Brex: Billboards Still Got It
How Brex ran one of the most successful billboard campaigns for $300k
If you made a list of marketing channels to deploy at launch, billboards would probably be somewhere near the bottom. Offline advertising, high entry costs and measure difficulties have made these ad structures go out of style over the last decade.
That’s why it raised eyebrows when Brex, an American fintech company that offers business credit cards and expense management, invested $300k in billboards before launch.
This week, Case Studies analyzes how Brex built one of the most successful billboard campaigns in history.
The Brief:
In 2018, Brex was pre-launch. They didn’t have a website to their name, much less a PR team.
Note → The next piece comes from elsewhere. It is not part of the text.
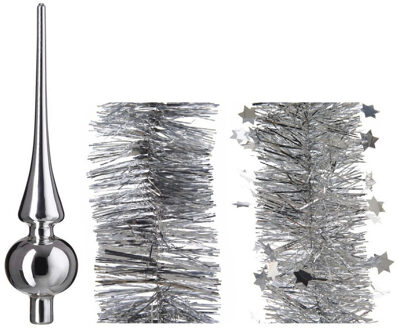 Decoris Kerstversiering glazen piek glans 26 cm en folieslingers pakket zilver van 3x stuks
As they were preparing to leave stealth mode, the pressure was on to launch the brand as effectively as possible.
Brex CEO Henrique Dubugras gave the mandate to, “Go big or don’t go out-of-home at all.”
The Execution:
With that direction, then-CRO Sam Blond and CFO Michael B. Tannenbaum decided that out-of-home(OOH) advertising was the perfect channel to achieve Brex’s goal. They landed here based on a few key insights:
🌉 Location: their target market (tech startups) was highly concentrated in San Francisco
💳 Simple messaging: their initial product offering of “startup credit cards” was easy to communicate quickly
🕙 Timing: syncing the billboards with their launch created a physical spectacle
All these factors pointed to an opportunity to reach cost-effective awareness despite offline marketing limitations. Still, OOH advertising presents unique challenges.
For starters, there are very few options for purchasing your own billboards. And unlike other programmatic channels, it requires agency partners to support and strategize the media. To fulfill their mandate to go big, Brex partnered with OOH agency Clear Channel, who Blond was connected with from a past startup.
Clear Channel executed a strategy that focused on billboards in locations with high foot traffic and long impressions like bus shelters and city boards in downtown SF for higher impact.
The campaign went live the same day Brex launched publicly. And as the saying goes, the rest is history.
The Results:
While direct results from the campaign aren’t public, it’s clear the $300k investment in OOH advertising cemented Brex as a legitimate solution in the startup community, virtually overnight. The company grew from zero to a $1b valuation in under two years, a meteoric rise by any standard.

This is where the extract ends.